Economic dependence has negative consequences for interstate conflict. Albert O. Hirschman (1945) for example, has pointed out that the “gains from trade do not accrue to states proportionately and the distribution of these gains can affect interstate power relations. Moreover, shifts in power relations are widely regarded as a potent source of military conflict.”

===Economic interdependence===

Economic interdependence and greater openness exposes domestic economies to the exigencies of the world market. Social instability is therefore increased by exposure to international competition. This negative force undermines the Kantian peace and remains a cause for concern in international conflict. Although this concern seems legitimate given the economic disparities between developed and developing countries, studies fail to provide comprehensive empirical evidence.

Another view at odds with liberalism is that technological innovation and industrialization increase the ability of some countries to exercise power. As trade flows and the level of interdependence increases, so do the incentives for states to take military actions to reduce their economic vulnerability.

The adverse effect of trade on state security is difficult to determine, however the more competition, the more aggressive the environment. Openness and competition increases social instability because domestic prices need to adjust to changes in international prices. Consistent with the realists view that states are essentially always in conflict, social instability and resource competition are motives for conflict and states will rely on the use of force to attain their own political goals and interests.

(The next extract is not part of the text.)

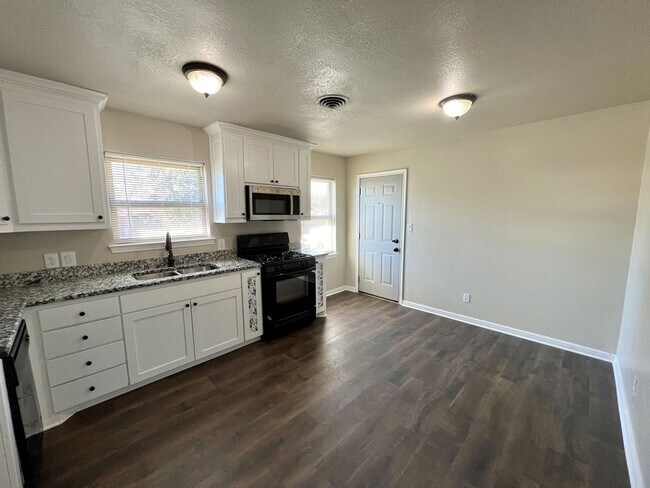 Foto del edificio - FOR LEASE! 3 Bedrooms, 1.5 Baths, 1 Car Garage with a HUGE Backyard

===The role of military power===

A number of international relations scholars, notably Xiang, Xu & Keteku 2007; Mearsheimer 2001, recognize the role of military power in initiating conflict, as well as the role militarily powerful countries play in international trade. One argument suggests that militarily capable countries are more likely to have the motivation to initiate armed conflict due to their awareness of their capabilities and to their confidence in achieving favorable outcomes.

A second argument suggests that power facilitates trade. Third, there are positive benefits from economic interdependence on military power. Finally, the economic stature of a country determines both the military power and level of trade of that country, hinting that economic powerful states trade more. Because powerful countries are better positioned to take advantage of the benefits resulting from international trade and to transform welfare gains into military power, they also are more likely to use force when their positions are threatened.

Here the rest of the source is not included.